## Problem to work on
Every line in the data below from the one containing "Toplive Cooling Towels" down to the one containing "Detalle de un", both included, must be retyped exactly; no other line is to appear.

## Data provided
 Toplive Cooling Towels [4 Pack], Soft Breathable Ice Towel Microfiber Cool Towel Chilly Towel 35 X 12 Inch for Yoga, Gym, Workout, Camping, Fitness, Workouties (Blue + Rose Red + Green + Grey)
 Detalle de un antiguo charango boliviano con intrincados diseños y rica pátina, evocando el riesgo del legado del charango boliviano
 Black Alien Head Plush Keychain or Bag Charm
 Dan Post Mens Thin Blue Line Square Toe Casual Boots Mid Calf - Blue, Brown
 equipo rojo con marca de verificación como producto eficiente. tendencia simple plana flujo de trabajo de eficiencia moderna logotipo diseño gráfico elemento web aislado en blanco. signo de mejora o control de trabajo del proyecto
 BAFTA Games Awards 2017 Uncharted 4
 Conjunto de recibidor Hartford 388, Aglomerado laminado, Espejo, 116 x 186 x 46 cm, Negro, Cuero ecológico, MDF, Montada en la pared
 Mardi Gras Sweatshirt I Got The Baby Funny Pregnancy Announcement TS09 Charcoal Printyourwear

...

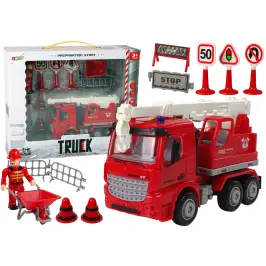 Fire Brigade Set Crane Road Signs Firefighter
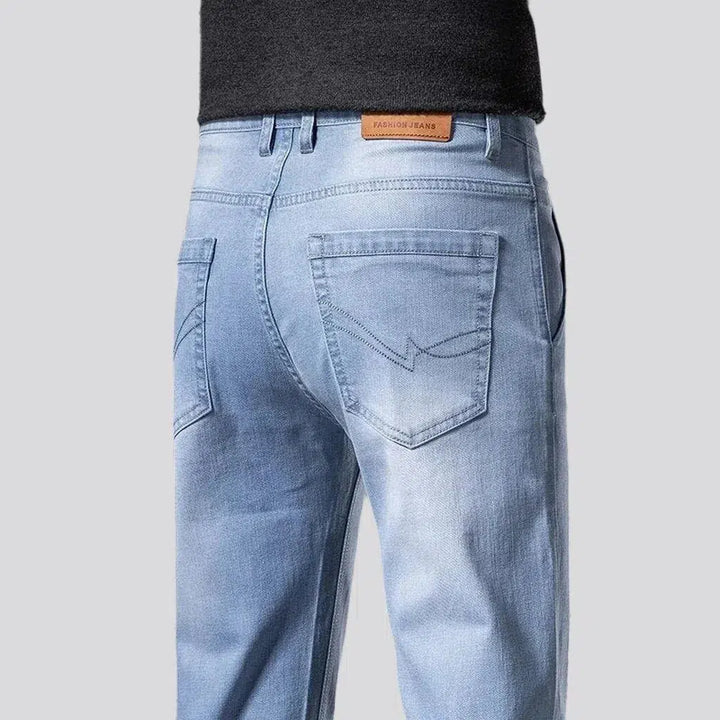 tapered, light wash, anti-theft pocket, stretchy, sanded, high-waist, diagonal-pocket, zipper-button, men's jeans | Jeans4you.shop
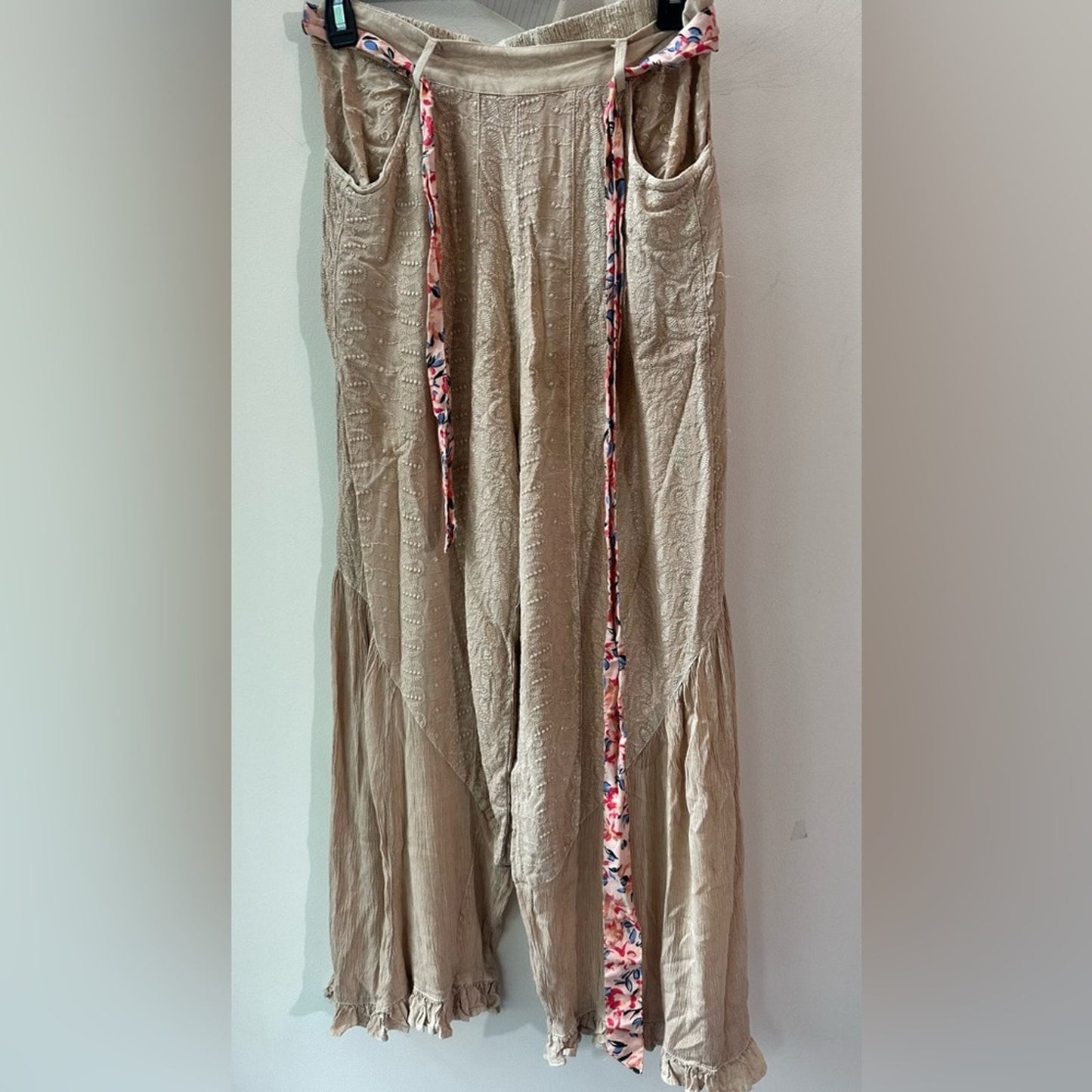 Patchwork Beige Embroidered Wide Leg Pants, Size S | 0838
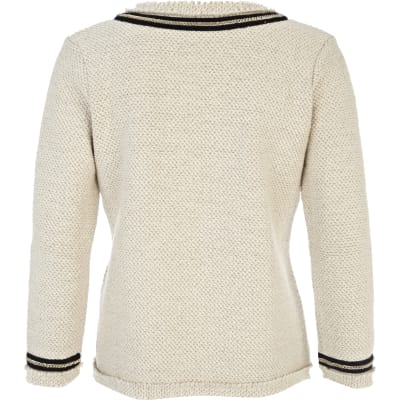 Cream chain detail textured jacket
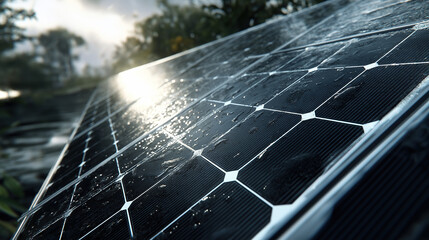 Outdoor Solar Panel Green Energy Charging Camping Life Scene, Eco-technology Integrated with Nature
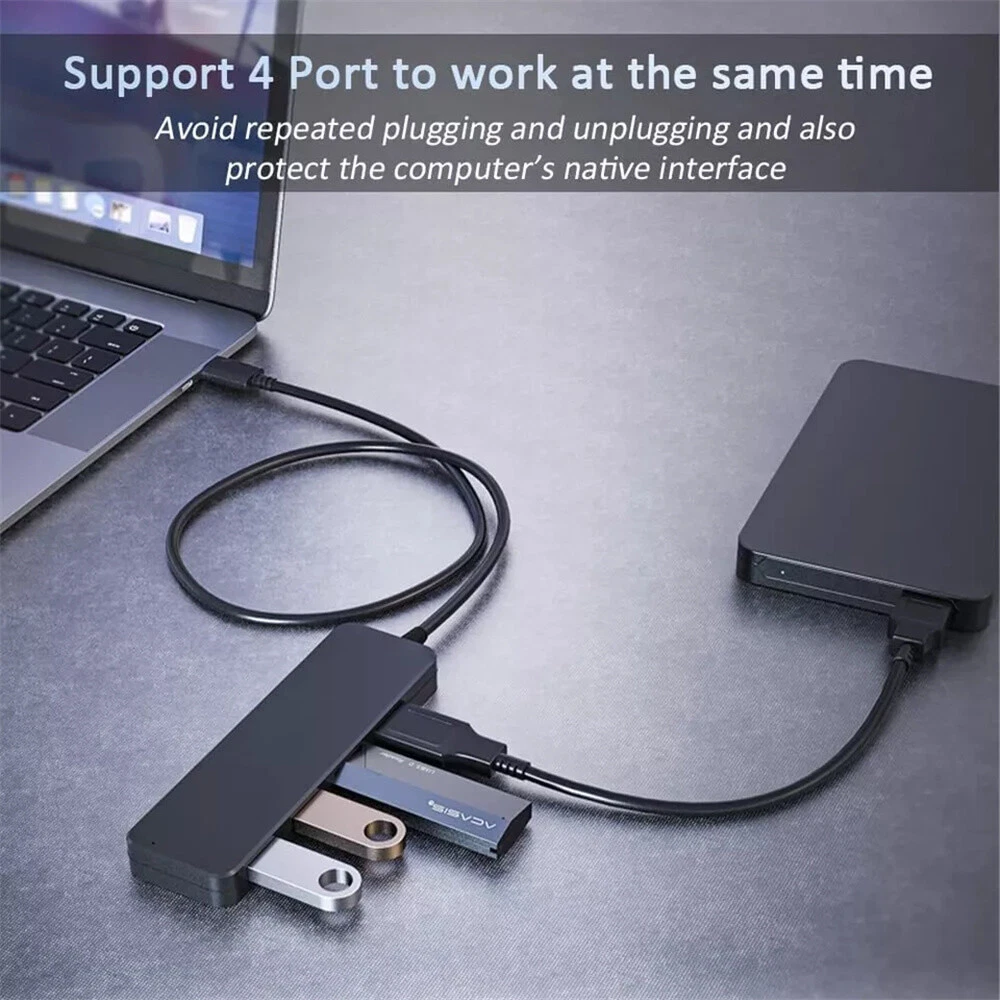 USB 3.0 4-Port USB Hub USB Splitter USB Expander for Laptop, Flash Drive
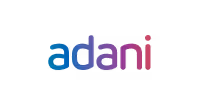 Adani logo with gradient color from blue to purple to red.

## Exercise output
 Toplive Cooling Towels [4 Pack], Soft Breathable Ice Towel Microfiber Cool Towel Chilly Towel 35 X 12 Inch for Yoga, Gym, Workout, Camping, Fitness, Workouties (Blue + Rose Red + Green + Grey)
 Detalle de un antiguo charango boliviano con intrincados diseños y rica pátina, evocando el riesgo del legado del charango boliviano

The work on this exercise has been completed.